Extrait de l'arrêt n° 14/2007 du 17 janvier 2007 Numéro du rôle : 4000 En cause : le recours en annulation totale ou partielle du décret de la Communauté flamande du 16 décembre 2005 « portant création de l'agence autonomisée externe de droit public ' Vlaamse Regulator voor de Media ' (Régulateur flamand des Médias) et modifiant certaines dispositions des décrets relatifs à la radiodiffusion et à la télévision, coordonnés le 4 mars 2005 », introduit par J. Verstrepen.

La Cour d'arbitrage, composée des présidents A. Arts et M. Melchior, et des juges P. Martens, R. Henneuse, M. Bossuyt, E. De Groot et J.-P. Moerman, assistée du greffier P.-Y. Dutilleux, présidée par le président A. Arts, après en avoir délibéré, rend l'arrêt suivant : I. Objet du recours et procédure Par requête adressée à la Cour par lettre recommandée à la poste le 15 juin 2006 et parvenue au greffe le 16 juin 2006, J. Verstrepen, demeurant à 2610 Wilrijk, Pater Damiaanstraat 24, a introduit un recours en annulation totale ou partielle du décret de la Communauté flamande du 16 décembre 2005 « portant création de l'agence autonomisée externe de droit public ' Vlaamse Regulator voor de Media ' (Régulateur flamand des Médias) et modifiant certaines dispositions des décrets relatifs à la radiodiffusion et à la télévision, coordonnés le 4 mars 2005 » (publié au Moniteur belge du 30 décembre 2005, deuxième édition). (...) II. En droit (...) B.1.1. Le requérant demande l'annulation totale ou partielle du décret flamand du 16 décembre 2005 « portant création de l'agence autonomisée externe de droit public ' Vlaamse Regulator voor de Media ' (Régulateur flamand des Médias) et modifiant certaines dispositions des décrets relatifs à la radiodiffusion et à la télévision, coordonnés le 4 mars 2005 ».

B.1.2. La Cour doit déterminer l'étendue du recours en annulation sur la base du contenu de la requête et en particulier sur la base de l'exposé des moyens. La Cour constate que le moyen unique est exclusivement dirigé contre les articles 176, § 1er, 4°, et 176quinquies, § 1er, 3°, des décrets flamands relatifs à la radiodiffusion et à la télévision, coordonnés le 4 mars 2005, insérés par l'article 2 du décret attaqué, de sorte que l'examen doit être limité à ces dispositions.

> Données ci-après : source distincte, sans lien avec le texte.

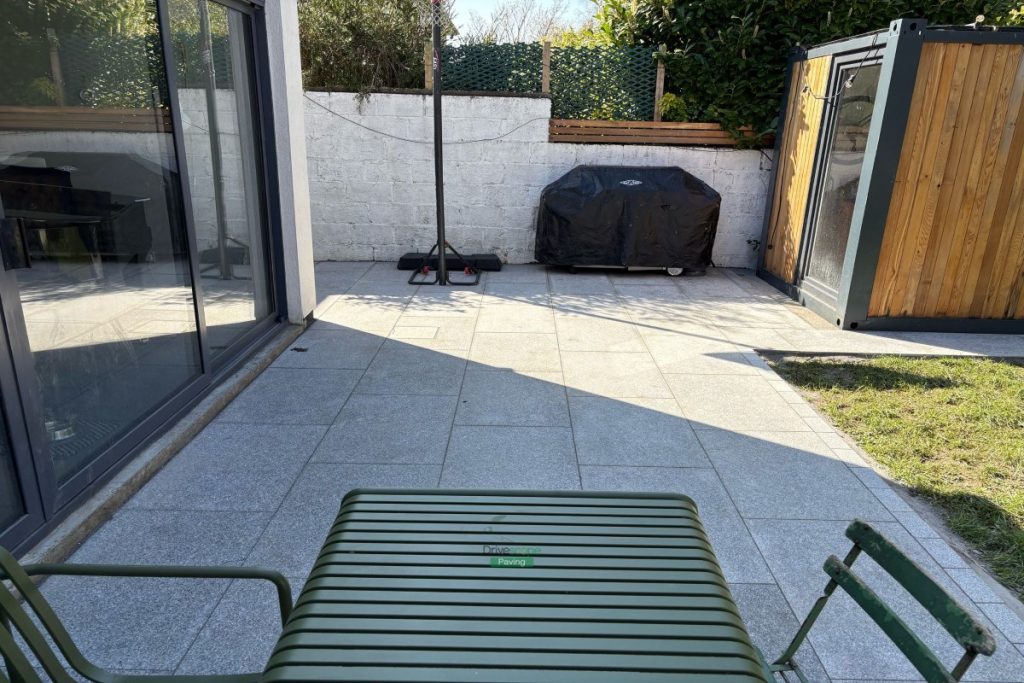 Patio with Granite Slabs and Silver Granite Cobbles in Terenure, Dublin (5)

B.1.3. L'article 176 des décrets coordonnés sur les médias énonce : « § 1er. Si, dans les limites de ses compétences énumérées à l'article 169, § 2, des présents décrets, la chambre générale constate une infraction aux dispositions des présents décrets, elle peut imposer les sanctions suivantes au diffuseur, au réseau câblé ou au réseau de radiodiffusion ou de télévision concernés : 1° l'avertissement comportant l'ordre de mettre fin à l'infraction;2° l'ordre de diffuser le prononcé sous la forme et au moment que détermine la chambre générale, aux frais du contrevenant.Si le prononcé n'est pas diffusé au moment et sous la forme tel qu'imposé, une amende administrative sera infligée tel que prévu au 4°; 3° la publication obligatoire de la décision dans des journaux et/ou hebdomadaires, aux frais du contrevenant.Si la décision n'est pas publiée tel que prévu, une amende administrative sera infligée tel que prévu au 4°; 4° l'imposition d'une amende administrative [jusqu']à 125 000 euros inclus;5° la suspension ou le retrait de l'autorisation d'émission;6° la suspension ou le retrait de l'agrément du diffuseur. § 2. En cas de non-usage ou de mauvais usage des possibilités d'émission assignées, la chambre générale peut suspendre ou retirer l'agrément d'un radiodiffuseur privé ».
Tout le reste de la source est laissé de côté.